First workout today started on friday so did triceps.

warmup 5 mins cardio

Close grip bench:
Warmup set: 1x8 40lb
Proper sets: 3x8 60lb

Skull curshers:
warmup set: 1x8 20lb
Proper Sets: 3x8 40lb

Bent Over Tri Exteisions:
3x8 20lb each hand

Dips:
No weight
1x8
2x5
Atempted 3x8 but couldnt get good form in all.


----------



## ben1793 (Jan 13, 2012)

Changing it around a bit, looked at an example justhav2p likes to do and moved mine around abit so it is like his workout plan, rarther than 6 days a week it will be 5 days a week because of the tricep and bicep days being too short.

Monday: Legs
Tuesday: Tri's & Bi's
Wednesday: Rest
Thursday: Rest
Friday: chest/shoulder
Saturday: Back
Sunday: Abs

Just a bit confused if it will be ok doing deadlifts, rows, pull ups and shrugs on back day after working out shoulders and chest on the day before.
Would this plan work or do you think I should just add some more tricep and bicep exercises to my old plan?


----------



## ben1793 (Jan 13, 2012)

Hmm, read a few articles saying at what I am lifting and being a beginner it is impossible to overtrain and I should take advantage of this by working out as much as I want


----------



## Gazhole (Jan 13, 2012)

You're new at this. There's a lot of info out there that is clearly confusing the shit out of you, but the fact of the matter is that there are few hard and fast rules about what works the best. There ARE some though, and these go something like this:


1. Heavy compound exercises (especially squats) trump everything.

2. Rest and nutrition are just as important as training.

3. Consistency is key to any sort of success.


How this translates into actual practical advice is simple really. Focus all your attention on these exercises: Squats, Deadlifts, Bench Press, Chinups, Military Press, Rows. Some Good Mornings and Front Squats are also great if you want extra leg work (you should). Focus on squats and deads more than anything else. The more effort you put into squats is directly proportional to your results OVERALL.

Second, you won't get anywhere without a lot of quality food and an adequate amount of recovery time - sure it's harder for you to overtrain when you're a newb because the weights are so light, but your body is also incredibly un-conditioned to exercise. Three workouts a week is a good place to start. 

Lastly don't jump ship or switch horses just because so-and-so said such-and-such, or you read this, or this guy is now your hero so follow him etc. A lot of the time it doesn't matter what program you're doing, just that you buy into it, believe in it, and above all - stick to it. Not just for a week, or a month - 3 months. 3 years.

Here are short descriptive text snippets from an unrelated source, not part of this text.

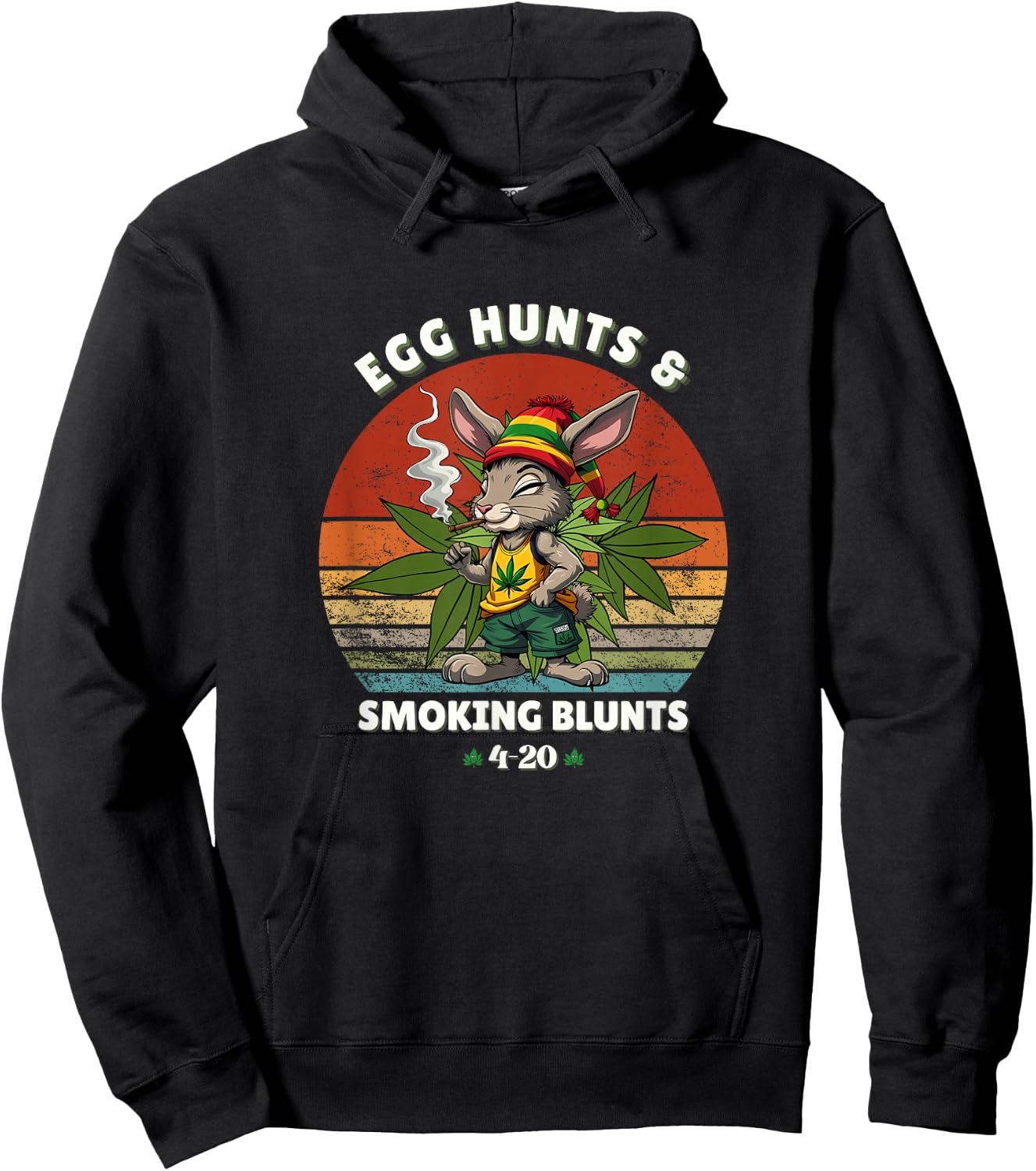 Stoned Easter Bunny With Joint 4/20 Marijuana Easter 420 Day Hoodie - Hoodie | Black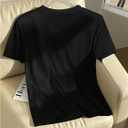 GORGLITTER Women's Pearl Beaded Top Dressy Short Sleeve T Shirts Crew Neck Summer Causal Tee Tops Trendy (Black, M)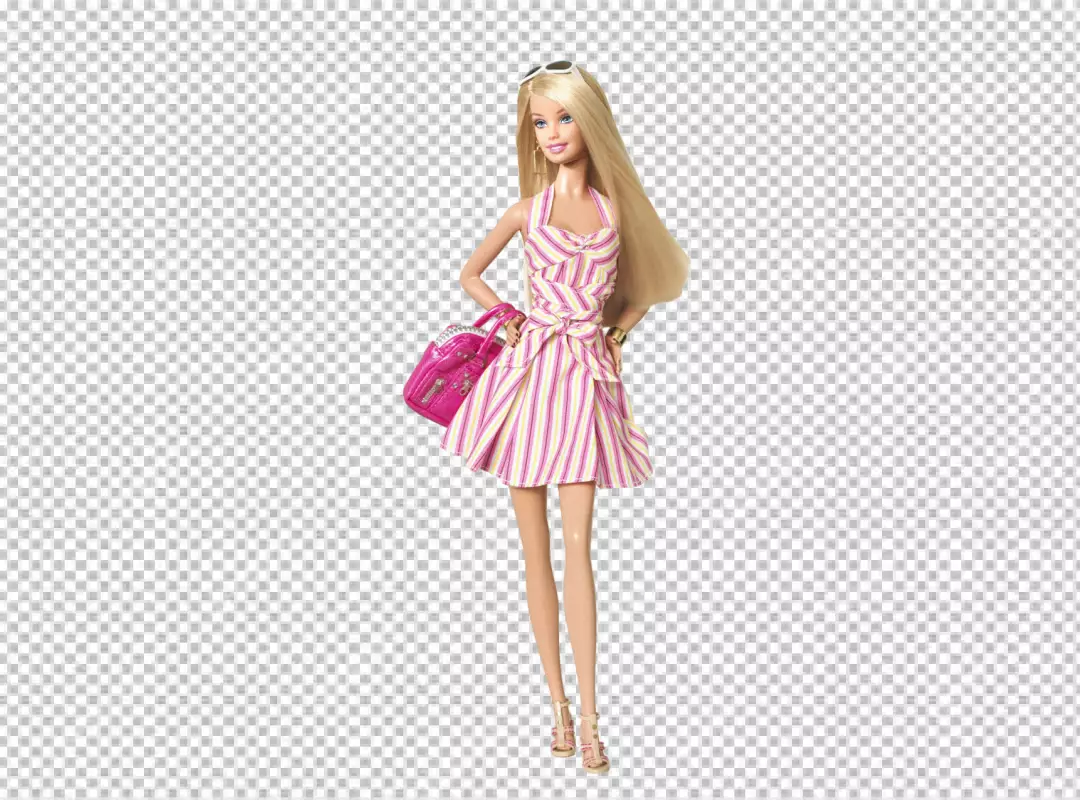 Free Premium PNG Doll is wearing a pink and white striped dress, a pink purse, and sunglasses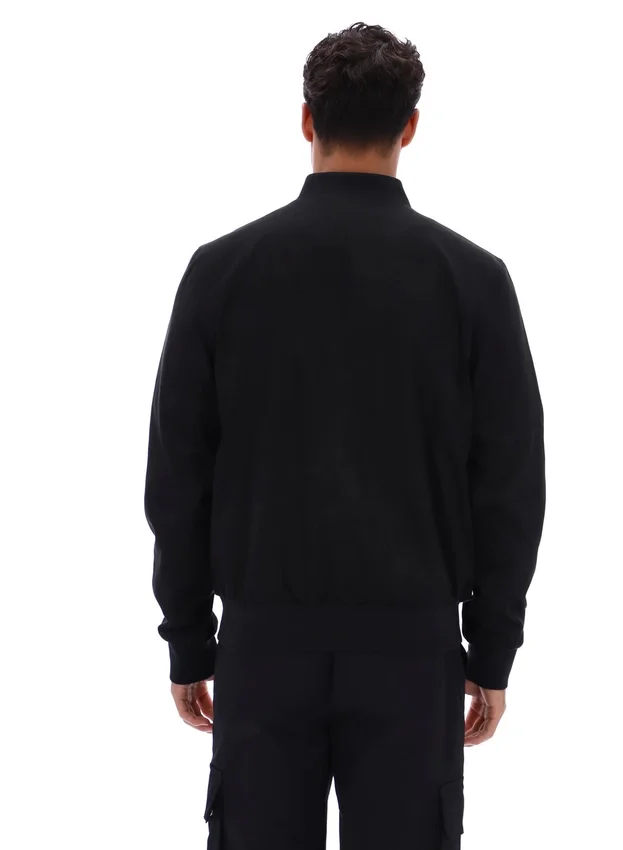 Giacca Dean nera in finta pelle scamosciata con zip integrale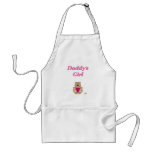 Cute Brown Bear Pink Bib Daddy's Girl Apron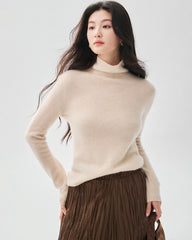 Pullover aus 100 % reinem Kaschmir mit Stehkragen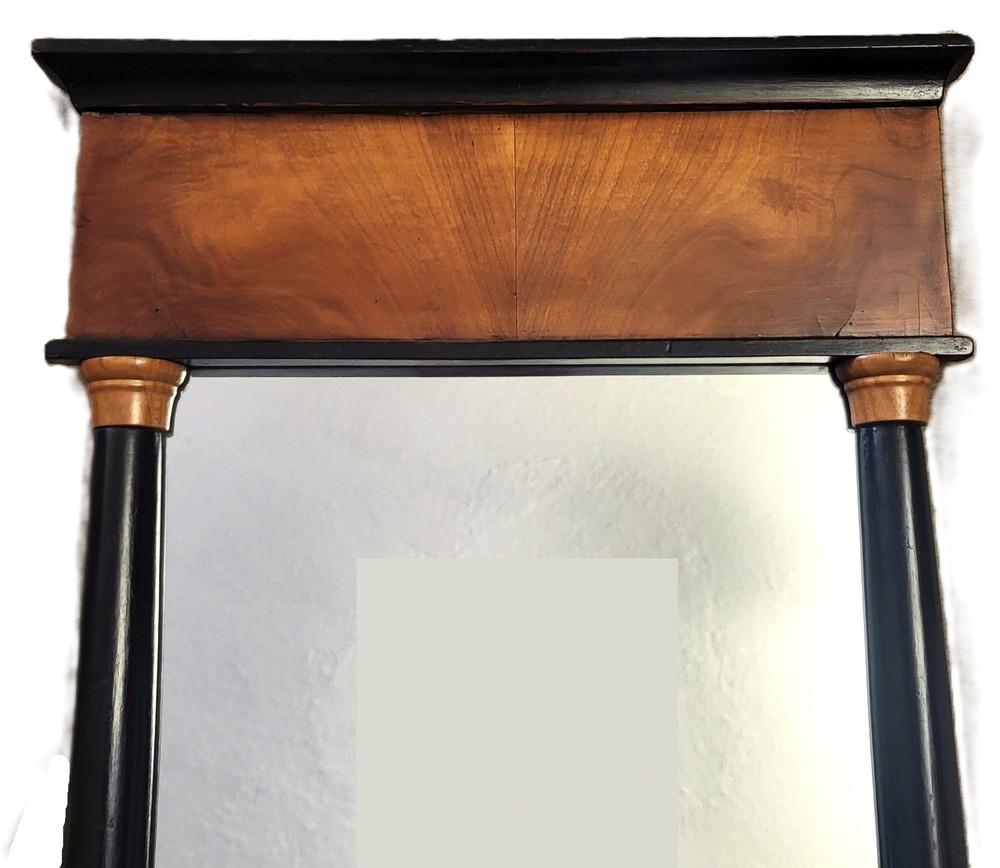 Antique GERMAN Austrian 20th C Vertical Ebony Column BIEDERMEIER Wall MIRROR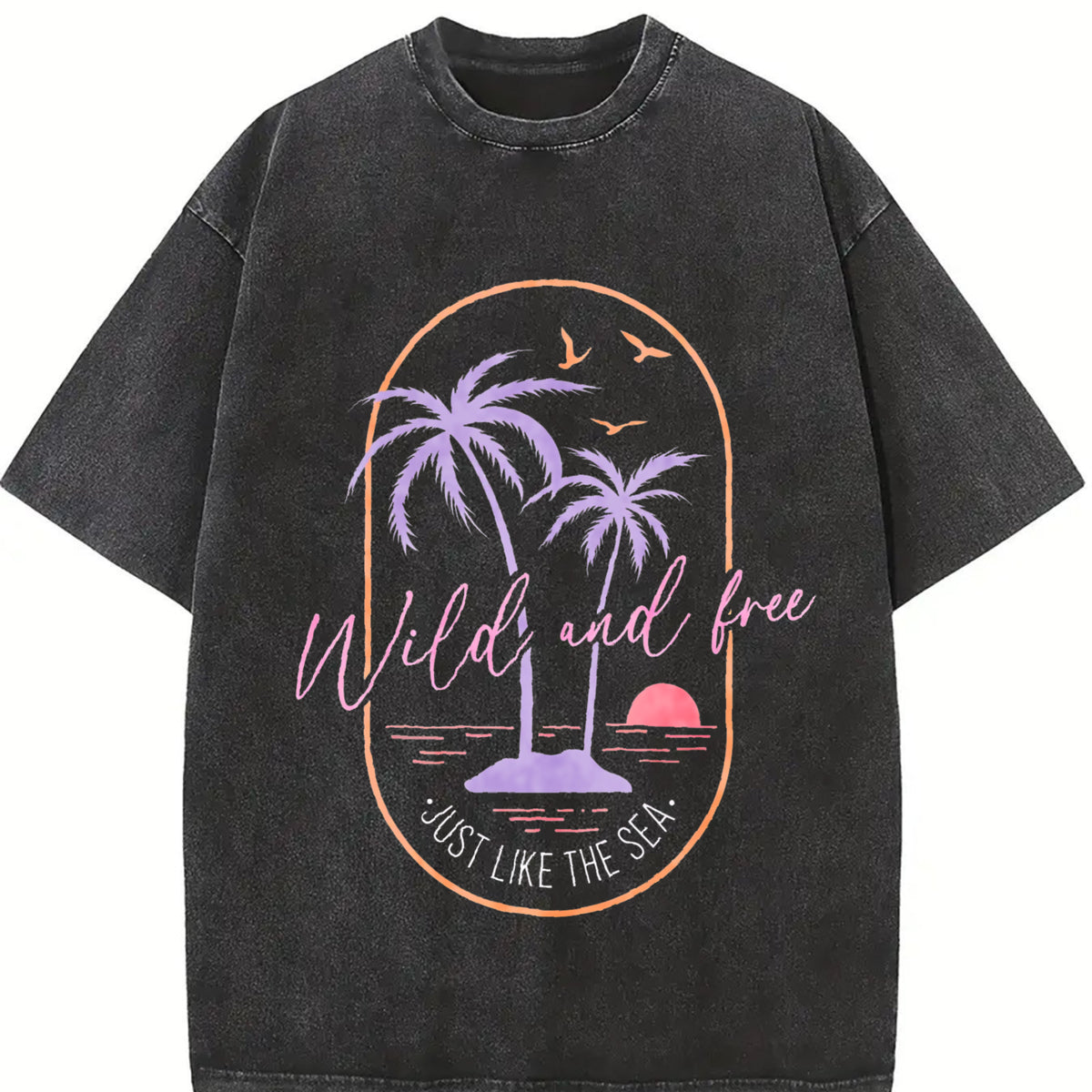 Retro Surf Tropical Beach Sunset Palm Tree and Surf Vintage Washed T-Shirt in Black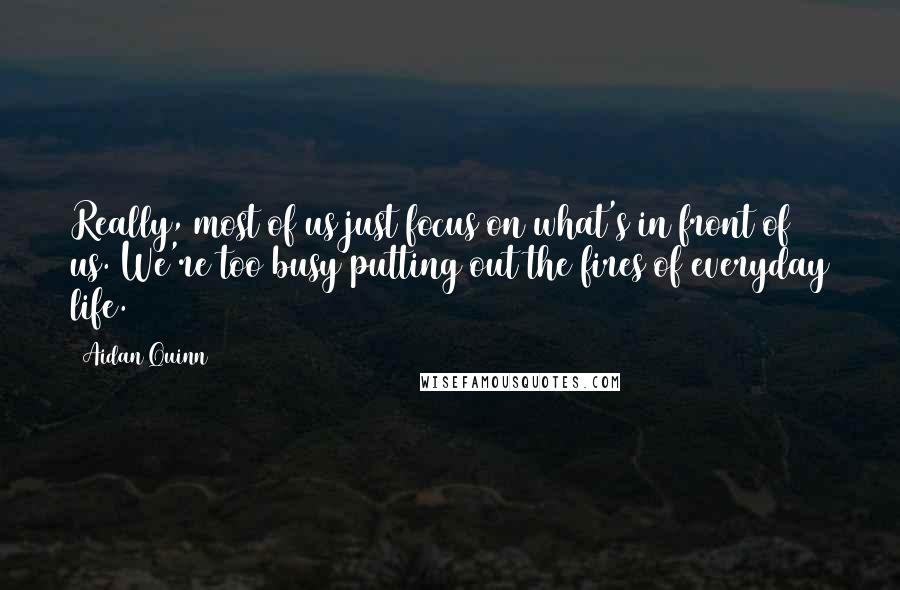 Aidan Quinn Quotes: Really, most of us just focus on what's in front of us. We're too busy putting out the fires of everyday life.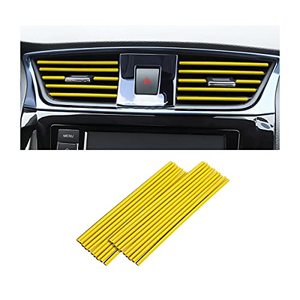 lot 14338 image: 20 Pieces Car Air Conditioner Decoration Strip for Vent Outlet, Universal Waterproof Bendable Air Vent Outlet Trim Decoration, Suitable for Most Air Vent Outlet, Car Interior Accessories (Yellow)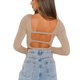 thumbnail image 3 of Sunloudy Suéter de color sólido para mujer, blusas cortas sin espalda de manga larga con cuello en V profundo, S / M / L / XL Sunloudy moda, 3 of 6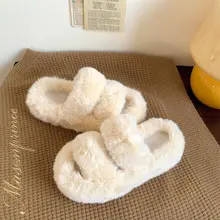 ふわふわの外履きスリッパ【厚底・防滑・コットン製・シンプルデザイン】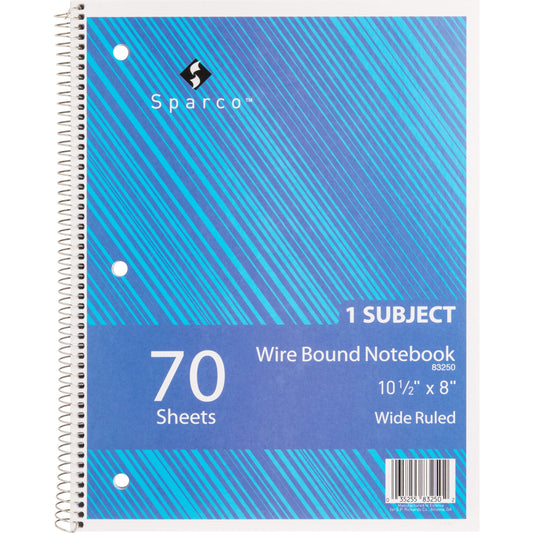 Sparco Quality Wirebound Wide Ruled Notebooks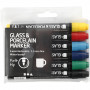 Glas- och porslinspenna, standardfärger, linje 1-3 mm, semitäckande, 6 st./1 pk.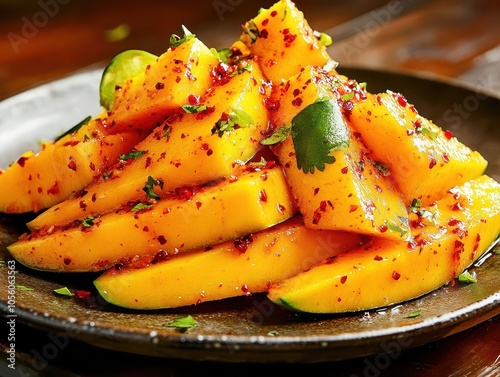 A vibrant dish of mango slices sprinkled with spices, showcasing a delightful mix of flavors and colors on a rustic plate.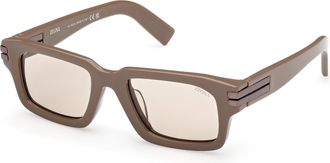 Ermenegildo Zegna Light Brown Rectangular Mens Sunglasses EZ0255 45E 51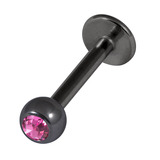 Black Steel Jewelled Labrets 1.2mm - SKU 12652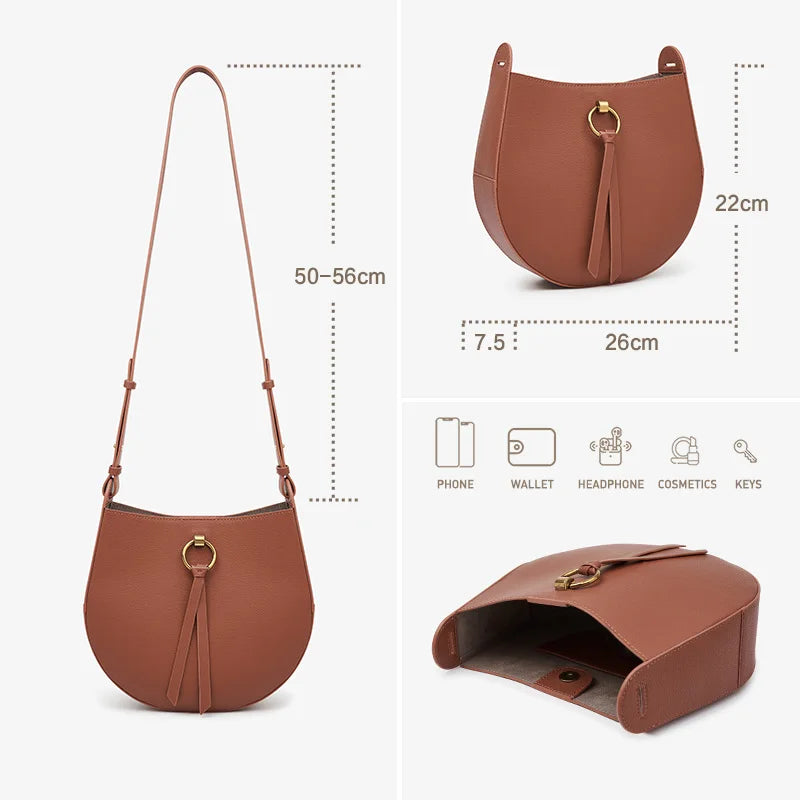 CLASSIC 2023 WOMEN'S BAG BAFELLI BRAND BACKPACK STYLISH FEMALE SHOULDER CROSSBODY SADDLE VINTAGE STYLE LEATHER PURSE RETRO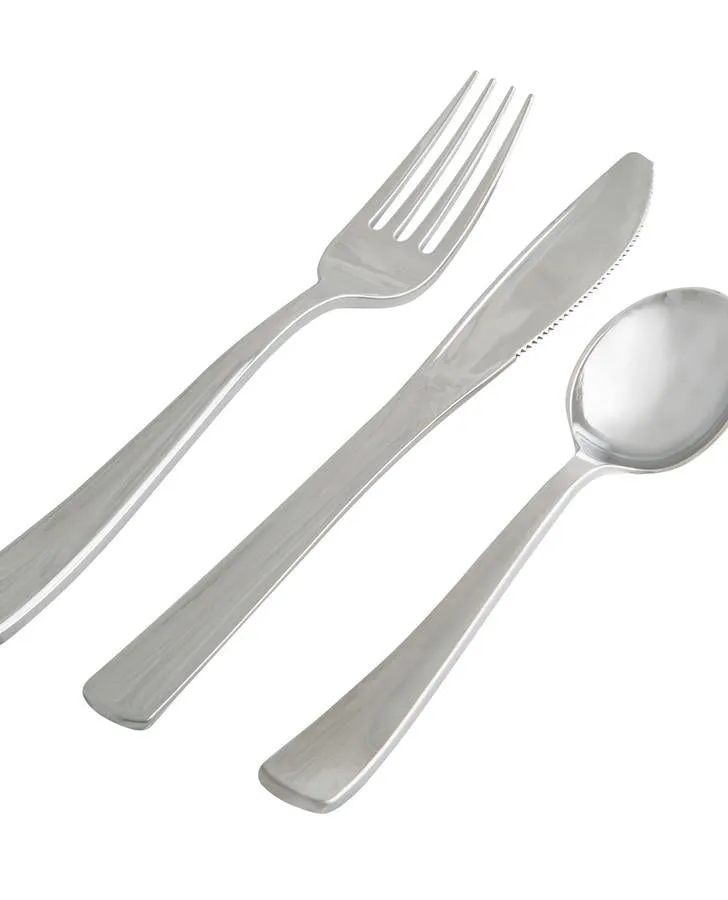 Grey Silver Coupe Pattern 56 Pc Party Set (Setting for 8)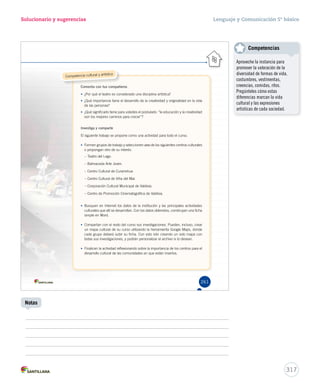 Solucionario y sugerencias 
Competencia cultural y artística 
Comenta con tus compañeros 
• ¿Por qué el teatro es considerado una disciplina artística? 
• ¿Qué importancia tiene el desarrollo de la creatividad y originalidad en la vida 
de las personas? 
• ¿Qué significado tiene para ustedes el postulado: “la educación y la creatividad 
son los mejores caminos para crecer”? 
Investiga y comparte 
El siguiente trabajo se propone como una actividad para todo el curso. 
• Formen grupos de trabajo y seleccionen uno de los siguientes centros culturales 
o propongan otro de su interés: 
– Teatro del Lago. 
– Balmaceda Arte Joven. 
– Centro Cultural de Curarrehue. 
– Centro Cultural de Viña del Mar. 
– Corporación Cultural Municipal de Valdivia. 
– Centro de Promoción Cinematográfica de Valdivia. 
• Busquen en Internet los datos de la institución y las principales actividades 
culturales que allí se desarrollan. Con los datos obtenidos, construyan una ficha 
simple en Word. 
• Compartan con el resto del curso sus investigaciones. Pueden, incluso, crear 
un mapa cultural de su curso utilizando la herramienta Google Maps, donde 
cada grupo deberá subir su ficha. Con esto irán creando un solo mapa con 
todas sus investigaciones, y podrán personalizar el archivo si lo desean. 
• Finalicen la actividad reflexionando sobre la importancia de los centros para el 
desarrollo cultural de las comunidades en que están insertos. 
261 
Lenguaje y Comunicación 5º básico 
317 
Notas 
Competencias 
Aproveche la instancia para 
promover la valoración de la 
diversidad de formas de vida, 
costumbres, vestimentas, 
creencias, comidas, ritos. 
Pregúnteles cómo estas 
diferencias marcan la vida 
cultural y las expresiones 
artísticas de cada sociedad.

As a newbie you have a fantastic opportunity to drastically change your body within 12 months to two years at a rate you'll never see again in your life. Get into the gym and figure out what works. Cookie cutter programs are fine for a starting point but developing your own philosophy of training is like a well that never runs dry.

Get a program sorted and stick to it. Measure your progress in terms of bodyweight, the way you look, your reps and weight increases, and how you grade each session in terms of it being a bad/good/great workout. Track these things and so long as your consistent with your training you'll be able to match up your results and figure out whether something does or doesn't work.

Now go do it.


----------



## ben1793 (Jan 13, 2012)

Thank you for the advice, you are right, I asked the question about what program would suit me on the training forum and all a sudden 4 people are arguing saying "THIS IS BETTER THAN THAT" then kind of went off topic and confused me more, I think I will try a decent program with compound lifts and a few isolations, I want to be training allot since I have the time but if that is going to hinder my muscle growth I will have to stop.
I was thinking of just doing a program with a few main compounds and few iso evenly spaced out throughout the week and ran into this:
Why the traditional Rippetoe/SS program sucks balls. - Bodybuilding.com Forums
He basicly says do ripetoes SS (Adjusted with added exercises) but you are not limited to doing the workout 3 days a week, you do 3 days minimum and more depending on how you feel, if you feel like you can do 6...do it because it will take allot to overtrain the cns while being a beginner. I will try it and see how I feel
Again, thanks for the help.


----------



## Gazhole (Jan 14, 2012)

I'm no big fan of Rippetoe, but i'd say he knows a lot more than some guy on a forum. If you tweak the program, which was surely designed that way for a reason, it's not that program anymore. Exercise substitutions are fine.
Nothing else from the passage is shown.